Even so, in 2009, there were still physicists who pointed out that while the pitch does dip, it doesn’t alter its path as much as or in the manner we think it does. Of course, Dizzy Dean, who was one of baseball’s great characters from the 1930s and 1940s, would have suffered none of these nuances if he were around today. He once said about curveball skeptics: “Go stand behind a tree, and I’ll hit you with an optical illusion.”
BEHIND THE EIGHT BALL
If you believe a billiards icon, the expression behind the eight ball had nothing to do with the game eight ball. It didn’t even directly involve playing a game of pool.
Charles E. Peterson, the inaugural president of the Billiard Association of America and a fancy shot champion, credited a bank clerk named Allie Flint with concocting the phrase in a pool room in New York City sometime between 1914 and 1916.

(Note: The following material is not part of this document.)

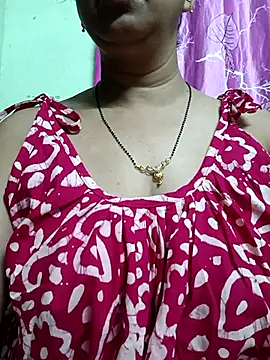 Snapshot of Rosy-B chatting on 09/11/25, 09:15 Rosy-B online show from 09/11/25, 09:15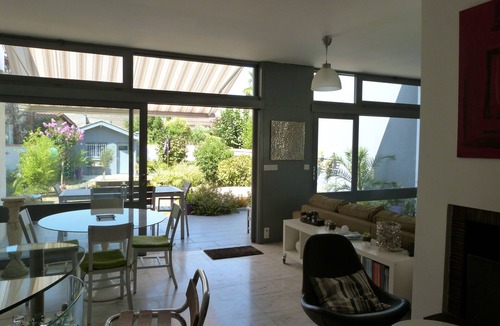 Talence Apartment | Bright house, modern and air conditioned with lovely garden and spa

Flint and his buddies enjoyed “Kelly Pool,” a game in which each competitor blindly picks a small numbered ball for his eyes only. Balls on the table had to be pocketed in order, and the winner would be the first player to sink his corresponding full-sized ball. The thing is, as they got together during the lunch hour, the group didn’t have a lot of time, and, in truth, they liked the gambling more than the pool playing. So after a while, they decided to cut out the middle activity (playing pool) and focus on the betting. To that end, they’d just pull the small balls out of a shaker bottle, and he who drew the lowest number won the wagered cash.
“Well, this Allie Flint was the original hard-luck kid,” Peterson said in a syndicated 1941 column interview. “He was forever getting a big number. And it seems No. 9 fell his way more than any other. In a game of some 10 or 15 players a number that high was a bust-out. An eight might sometimes luck out—never a nine.”
Hence, Flint lamented after continued losses, “There I am behind the eight ball again,” according to Peterson. “It spread like wildfire all over New York and then over the country. It was the birth of the eight-ball blues.”
The story has a mythical quality to it, and the idiom certainly has meaning in the game of eight ball (being behind that ball is a big strategic disadvantage). It’s also important to note that this metaphor for being in a precarious situation became particularly widespread in the 1930s, after the game of eight ball had acquired a large following. Those facts do leave us a little behind the eight ball, so to speak, as to the phrase’s origin.
WILD-GOOSE CHASE
In the days preceding pristine oval tracks, horse racing had some pretty wide-open styles of competing. None may have been more outlandish than the wild-goose chase.
Despite what it sounds like, I can assure you no geese were harmed in the enjoyment of this game. Here’s how it worked: One rider would gallop out front, the other participants in hot pursuit. They’d take off in an open field and, after a set distance, the lead would look to shake the pack. To do so he could dart wildly in any direction he wanted. Not only was the group required to follow but they also needed to do so in a set formation and at a set distance (they supposedly looked like a flock of geese, hence the name). If a rider failed to meet his spatial obligations, a judge riding nearby would whip the transgressor.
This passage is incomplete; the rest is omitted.